* **GIVEN DATA**
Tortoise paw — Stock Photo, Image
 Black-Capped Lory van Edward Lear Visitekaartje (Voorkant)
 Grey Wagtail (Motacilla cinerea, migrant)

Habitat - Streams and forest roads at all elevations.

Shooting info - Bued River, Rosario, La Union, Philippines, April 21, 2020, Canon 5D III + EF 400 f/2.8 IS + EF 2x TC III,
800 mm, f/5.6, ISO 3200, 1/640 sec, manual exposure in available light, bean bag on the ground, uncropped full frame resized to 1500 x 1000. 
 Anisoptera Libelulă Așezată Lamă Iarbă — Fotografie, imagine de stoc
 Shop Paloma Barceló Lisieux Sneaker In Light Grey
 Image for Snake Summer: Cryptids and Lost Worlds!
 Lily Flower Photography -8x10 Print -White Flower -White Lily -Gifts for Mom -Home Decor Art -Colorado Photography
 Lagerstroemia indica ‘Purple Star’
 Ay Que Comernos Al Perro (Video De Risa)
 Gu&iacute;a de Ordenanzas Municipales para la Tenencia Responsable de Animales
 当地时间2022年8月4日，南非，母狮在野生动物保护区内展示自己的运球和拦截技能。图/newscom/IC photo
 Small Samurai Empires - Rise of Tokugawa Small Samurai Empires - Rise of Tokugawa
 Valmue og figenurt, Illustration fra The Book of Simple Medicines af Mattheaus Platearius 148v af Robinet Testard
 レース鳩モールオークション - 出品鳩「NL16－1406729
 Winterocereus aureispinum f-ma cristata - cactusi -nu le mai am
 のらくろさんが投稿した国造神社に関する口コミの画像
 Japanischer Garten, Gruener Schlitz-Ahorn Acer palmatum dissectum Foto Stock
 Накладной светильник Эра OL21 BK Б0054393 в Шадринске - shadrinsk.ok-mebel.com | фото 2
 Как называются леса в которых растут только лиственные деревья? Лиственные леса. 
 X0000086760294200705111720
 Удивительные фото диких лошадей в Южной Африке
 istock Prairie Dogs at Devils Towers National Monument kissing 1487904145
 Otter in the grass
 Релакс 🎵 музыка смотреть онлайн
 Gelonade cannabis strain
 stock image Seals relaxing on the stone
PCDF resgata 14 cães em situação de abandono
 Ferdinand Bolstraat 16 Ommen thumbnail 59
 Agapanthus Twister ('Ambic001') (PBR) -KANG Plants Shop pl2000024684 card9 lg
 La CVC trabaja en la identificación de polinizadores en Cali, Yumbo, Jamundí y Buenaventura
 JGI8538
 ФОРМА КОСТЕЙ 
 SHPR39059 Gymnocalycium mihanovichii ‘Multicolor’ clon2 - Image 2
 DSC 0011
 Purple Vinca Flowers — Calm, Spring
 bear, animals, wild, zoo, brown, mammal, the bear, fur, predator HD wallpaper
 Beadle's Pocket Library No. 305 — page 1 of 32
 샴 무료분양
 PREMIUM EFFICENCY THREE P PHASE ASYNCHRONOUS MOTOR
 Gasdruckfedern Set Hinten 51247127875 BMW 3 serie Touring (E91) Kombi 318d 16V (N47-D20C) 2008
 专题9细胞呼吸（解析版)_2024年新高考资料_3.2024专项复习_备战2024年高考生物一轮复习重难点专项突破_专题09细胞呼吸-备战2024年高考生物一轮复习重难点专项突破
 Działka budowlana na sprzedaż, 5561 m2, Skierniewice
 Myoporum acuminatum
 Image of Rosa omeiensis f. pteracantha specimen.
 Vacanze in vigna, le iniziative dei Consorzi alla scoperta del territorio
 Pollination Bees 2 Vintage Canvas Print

* **THE TASK**
Output the lines from the one holding "レース鳩モールオークション - 出品鳩「NL16－1406729" to the last line of the material, inclusive, exactly as they appear. Add no others.

* **SOLUTION TO THE PROBLEM**
 レース鳩モールオークション - 出品鳩「NL16－1406729
 Winterocereus aureispinum f-ma cristata - cactusi -nu le mai am
 のらくろさんが投稿した国造神社に関する口コミの画像
 Japanischer Garten, Gruener Schlitz-Ahorn Acer palmatum dissectum Foto Stock
 Накладной светильник Эра OL21 BK Б0054393 в Шадринске - shadrinsk.ok-mebel.com | фото 2
 Как называются леса в которых растут только лиственные деревья? Лиственные леса. 
 X0000086760294200705111720
 Удивительные фото диких лошадей в Южной Африке
 istock Prairie Dogs at Devils Towers National Monument kissing 1487904145
 Otter in the grass
 Релакс 🎵 музыка смотреть онлайн
 Gelonade cannabis strain
 stock image Seals relaxing on the stone
PCDF resgata 14 cães em situação de abandono
 Ferdinand Bolstraat 16 Ommen thumbnail 59
 Agapanthus Twister ('Ambic001') (PBR) -KANG Plants Shop pl2000024684 card9 lg
 La CVC trabaja en la identificación de polinizadores en Cali, Yumbo, Jamundí y Buenaventura
 JGI8538
 ФОРМА КОСТЕЙ 
 SHPR39059 Gymnocalycium mihanovichii ‘Multicolor’ clon2 - Image 2
 DSC 0011
 Purple Vinca Flowers — Calm, Spring
 bear, animals, wild, zoo, brown, mammal, the bear, fur, predator HD wallpaper
 Beadle's Pocket Library No. 305 — page 1 of 32
 샴 무료분양
 PREMIUM EFFICENCY THREE P PHASE ASYNCHRONOUS MOTOR
 Gasdruckfedern Set Hinten 51247127875 BMW 3 serie Touring (E91) Kombi 318d 16V (N47-D20C) 2008
 专题9细胞呼吸（解析版)_2024年新高考资料_3.2024专项复习_备战2024年高考生物一轮复习重难点专项突破_专题09细胞呼吸-备战2024年高考生物一轮复习重难点专项突破
 Działka budowlana na sprzedaż, 5561 m2, Skierniewice
 Myoporum acuminatum
 Image of Rosa omeiensis f. pteracantha specimen.
 Vacanze in vigna, le iniziative dei Consorzi alla scoperta del territorio
 Pollination Bees 2 Vintage Canvas Print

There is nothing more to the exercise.